25. A process to produce a nonwoven fabric, the process comprising the steps of: a. blending a first component comprising from 5% to 99% by weight based on the total weight of the composition of a polymer selected from the group consisting of homopolymers of propylene and random copolymers of propylene, the polymer having a heat of fusion as determined by DSC of less than 50 J/g, stereoregular propylene crystallinity, and a Melt Flow Rate between 300 g/10 min and 5000 g/10 min; and a second component comprising from 95% to 1% by weight based on the total weight of the composition of a propylene polymer or blends of propylene polymers; to form a blend; b. extruding the blend to form a plurality of fibers to form a web; and c. calendering the web to form the nonwoven fabric, the nonwoven fabric having a permanent set of less than 60%.

26. The process of 25., wherein the calendering further comprises annealing.

27. The process of 25. or 26., wherein the calendering comprises annealing the nonwoven fabric in a single step.

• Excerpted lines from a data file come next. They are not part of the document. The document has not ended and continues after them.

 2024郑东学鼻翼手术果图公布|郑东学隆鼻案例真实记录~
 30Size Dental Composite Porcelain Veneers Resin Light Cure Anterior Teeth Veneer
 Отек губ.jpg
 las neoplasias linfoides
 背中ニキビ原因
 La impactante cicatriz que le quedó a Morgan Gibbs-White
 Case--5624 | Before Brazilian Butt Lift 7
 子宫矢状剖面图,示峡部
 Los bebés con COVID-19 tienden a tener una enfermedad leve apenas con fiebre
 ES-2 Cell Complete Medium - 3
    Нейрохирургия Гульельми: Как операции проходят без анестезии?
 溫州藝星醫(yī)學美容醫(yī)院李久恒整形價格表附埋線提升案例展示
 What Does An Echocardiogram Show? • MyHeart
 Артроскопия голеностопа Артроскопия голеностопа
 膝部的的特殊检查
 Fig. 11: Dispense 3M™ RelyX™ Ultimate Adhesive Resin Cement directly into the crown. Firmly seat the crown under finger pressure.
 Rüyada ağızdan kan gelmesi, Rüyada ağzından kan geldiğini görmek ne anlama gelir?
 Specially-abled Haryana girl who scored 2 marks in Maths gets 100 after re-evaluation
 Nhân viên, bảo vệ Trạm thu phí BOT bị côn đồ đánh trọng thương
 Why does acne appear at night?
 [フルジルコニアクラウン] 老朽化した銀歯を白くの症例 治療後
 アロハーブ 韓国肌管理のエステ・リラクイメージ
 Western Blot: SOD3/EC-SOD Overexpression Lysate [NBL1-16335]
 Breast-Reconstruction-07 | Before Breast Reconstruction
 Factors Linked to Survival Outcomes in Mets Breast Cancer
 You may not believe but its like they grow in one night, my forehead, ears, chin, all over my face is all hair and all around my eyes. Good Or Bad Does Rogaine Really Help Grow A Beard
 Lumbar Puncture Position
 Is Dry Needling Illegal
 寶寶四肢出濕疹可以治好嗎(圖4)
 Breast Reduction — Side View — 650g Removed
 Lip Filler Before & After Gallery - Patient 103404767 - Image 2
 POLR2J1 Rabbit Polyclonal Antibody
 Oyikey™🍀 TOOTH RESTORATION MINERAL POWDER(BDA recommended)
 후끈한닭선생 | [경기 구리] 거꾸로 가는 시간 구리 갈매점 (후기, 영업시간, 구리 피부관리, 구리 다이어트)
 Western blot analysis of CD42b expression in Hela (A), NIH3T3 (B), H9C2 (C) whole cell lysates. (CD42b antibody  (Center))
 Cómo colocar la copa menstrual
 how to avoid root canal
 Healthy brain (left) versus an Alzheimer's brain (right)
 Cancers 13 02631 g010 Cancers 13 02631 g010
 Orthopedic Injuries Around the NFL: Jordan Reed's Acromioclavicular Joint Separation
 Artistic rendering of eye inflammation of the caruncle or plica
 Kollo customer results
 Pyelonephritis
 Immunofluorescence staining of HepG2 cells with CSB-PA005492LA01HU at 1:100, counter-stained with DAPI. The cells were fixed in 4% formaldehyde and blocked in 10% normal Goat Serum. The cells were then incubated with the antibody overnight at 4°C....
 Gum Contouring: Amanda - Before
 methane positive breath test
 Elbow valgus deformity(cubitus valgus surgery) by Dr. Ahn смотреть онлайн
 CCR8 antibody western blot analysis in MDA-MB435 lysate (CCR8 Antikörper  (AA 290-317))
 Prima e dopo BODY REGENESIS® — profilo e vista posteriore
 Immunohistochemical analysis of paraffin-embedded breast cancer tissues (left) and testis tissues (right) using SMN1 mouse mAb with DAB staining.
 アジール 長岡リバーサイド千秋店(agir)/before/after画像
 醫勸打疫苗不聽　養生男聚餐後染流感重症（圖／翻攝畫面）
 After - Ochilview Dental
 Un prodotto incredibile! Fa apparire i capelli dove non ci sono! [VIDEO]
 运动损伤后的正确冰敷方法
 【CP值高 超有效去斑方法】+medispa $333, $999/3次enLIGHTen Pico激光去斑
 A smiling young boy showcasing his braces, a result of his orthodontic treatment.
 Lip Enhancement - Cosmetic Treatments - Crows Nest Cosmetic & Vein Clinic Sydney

28. The process of any of 25. - 27., wherein the annealing is performed at temperature of at least 40 0 C. 29. The process of any of 25. - 28., wherein the annealing is performed at temperature of at least 160 0 C.

[0230] While the present invention has been described and illustrated by reference to particular embodiments, those of ordinary skill in the art will appreciate that the invention lends itself to many different variations not illustrated herein. For these reasons, then, reference should be made solely to the appended claims for purposes of determining the scope of the present invention. Further, certain features of the present invention are described in terms of a set of numerical upper limits and a set of numerical lower limits. It should be appreciated that ranges formed by any combination of these limits are within the scope of the invention unless otherwise indicated. [0231] All priority documents are herein fully incorporated by reference for all jurisdictions in which such incorporation is permitted. Further, all documents cited herein, including testing procedures, are herein fully incorporated by reference for all jurisdictions in which such incorporation is permitted.